The Cubs are also an annual participant in Chicago’s Pride Parade and in past years, the team has been represented by Hall of Famers Ernie Banks and Ryne Sandberg. Among the current roster, pitching ace Jon Lester has taken it upon himself to interact with members of the LGBTQ community on Twitter in the wake of other players’ homophobic tweets and has come away with a better understanding of where we’re coming from.
All of that adds to my pride in my team. But (there’s that word again) the Cubs can’t stop making it complicated. Last season, in an attempt to fix an offense that broke, the Cubs traded for noted homophobe Daniel Murphy just in time for him to get booed at that year’s “Out at Wrigley”. And off the field, considering Todd and Pete Ricketts’s affiliation with anti-LGBTQ candidates and causes as well as Joe Ricketts’s e-mails, it feels like the majority of Cubs ownership is determined to put my devotion to the test every day. Is there a breaking point? What would that be? And if Todd Ricketts overseeing Trump’s re-election isn’t a breaking point, what does that say about me?
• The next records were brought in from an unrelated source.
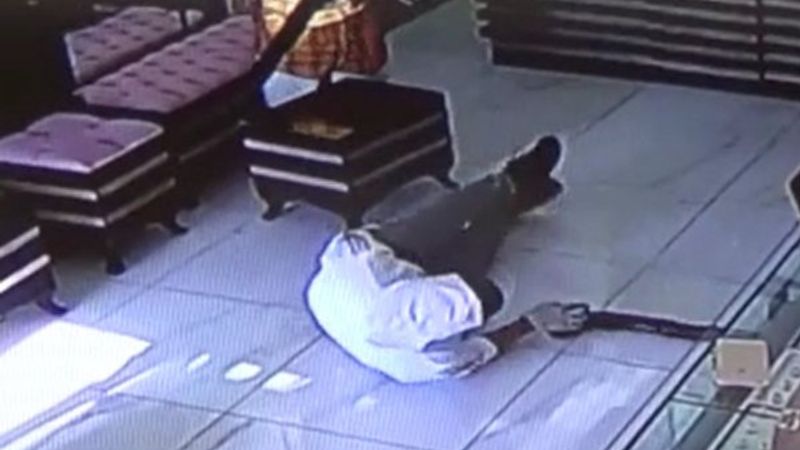 Konya'da hırsız kuyumcuya girdi: Vurulup polise verildi
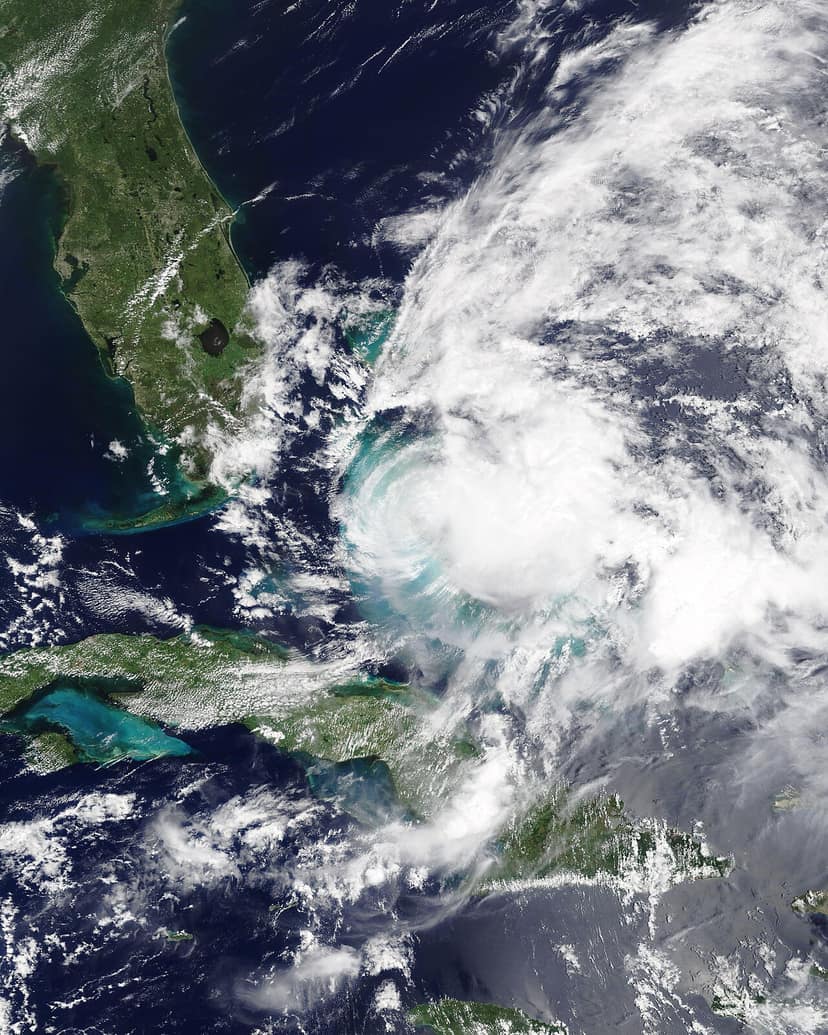 Photo d'archive: L'ouragan Isaías frappe la Floride en catégorie deux et cause des dommages significatifs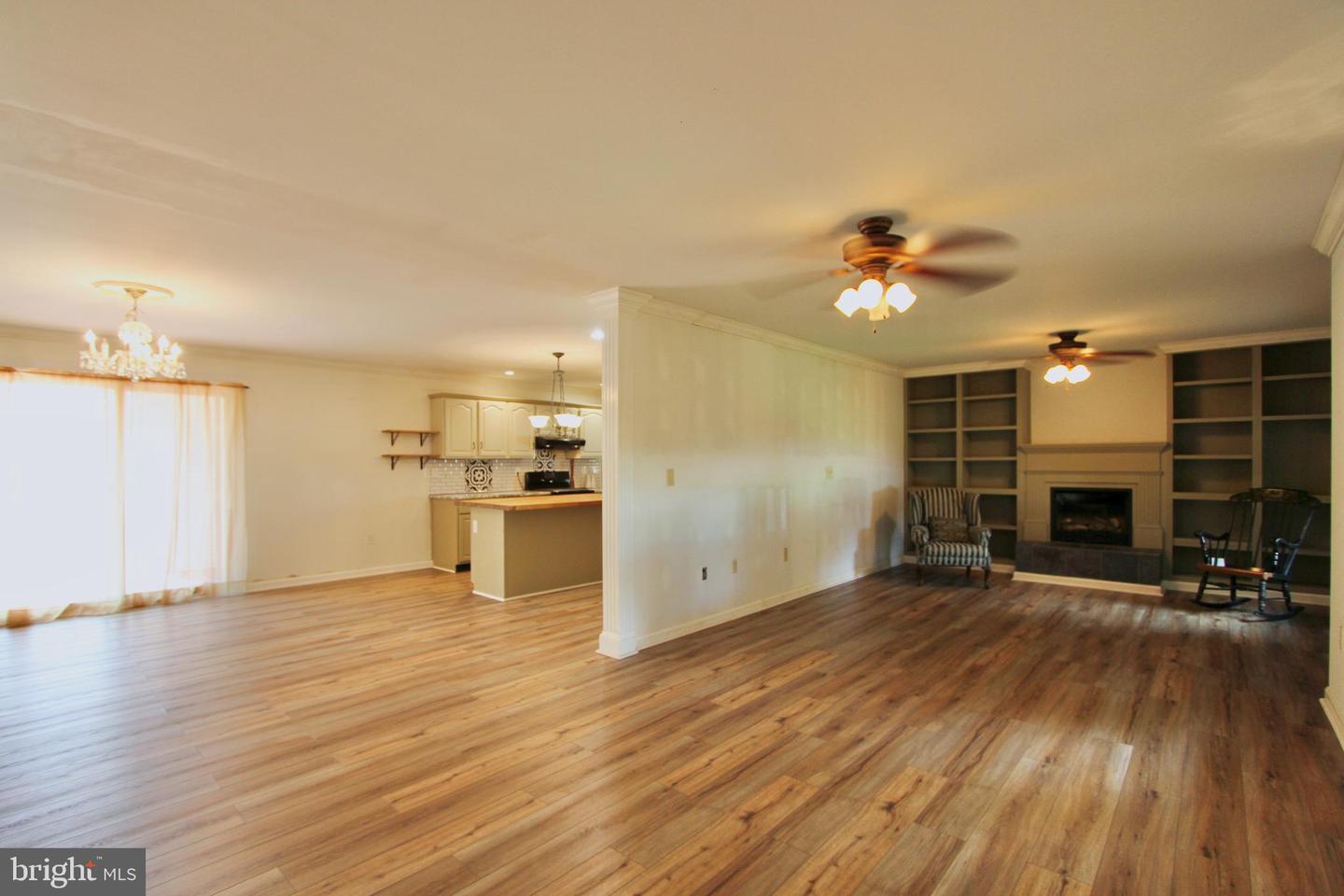 956 Janeka Ln Property Photo 8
These are hard questions to answer. They hover over my fandom just as they hover over an otherwise joyful event like “Out at Wrigley,” even if the Cubs want to pretend they don’t. It would be great to live in a world where I didn’t have to ponder all of this while cheering for my favorite team in the world. But because of the choices certain members of the Ricketts family have made, that kind of world is just not possible.